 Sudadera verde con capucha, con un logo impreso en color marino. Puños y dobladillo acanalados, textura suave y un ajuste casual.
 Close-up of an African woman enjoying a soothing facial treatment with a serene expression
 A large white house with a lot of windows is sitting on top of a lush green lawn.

-- -- --

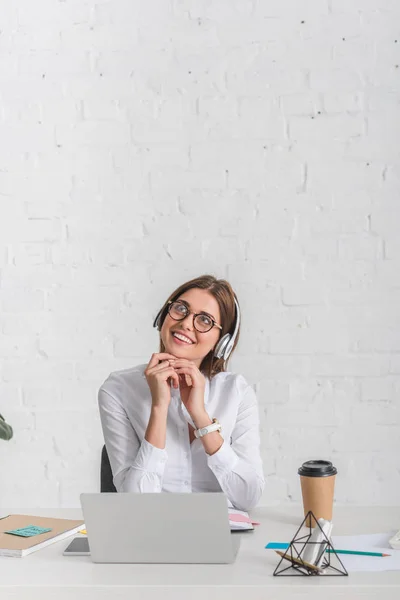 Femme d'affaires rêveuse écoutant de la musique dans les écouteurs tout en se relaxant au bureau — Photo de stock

-- -- --

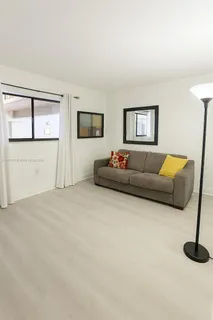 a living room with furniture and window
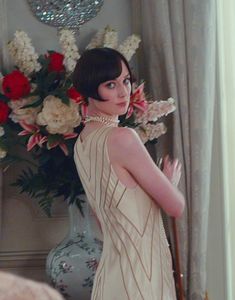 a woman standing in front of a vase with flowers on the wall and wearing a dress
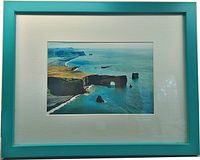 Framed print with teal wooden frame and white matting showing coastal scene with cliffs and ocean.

-- -- --

Directions for this task:
Above this task is a listing. Restate, word for word and with nothing added, the lines from the one with "Sudadera verde con" through the one with "A large white".

Answer for the task:
 Sudadera verde con capucha, con un logo impreso en color marino. Puños y dobladillo acanalados, textura suave y un ajuste casual.
 Close-up of an African woman enjoying a soothing facial treatment with a serene expression
 A large white house with a lot of windows is sitting on top of a lush green lawn.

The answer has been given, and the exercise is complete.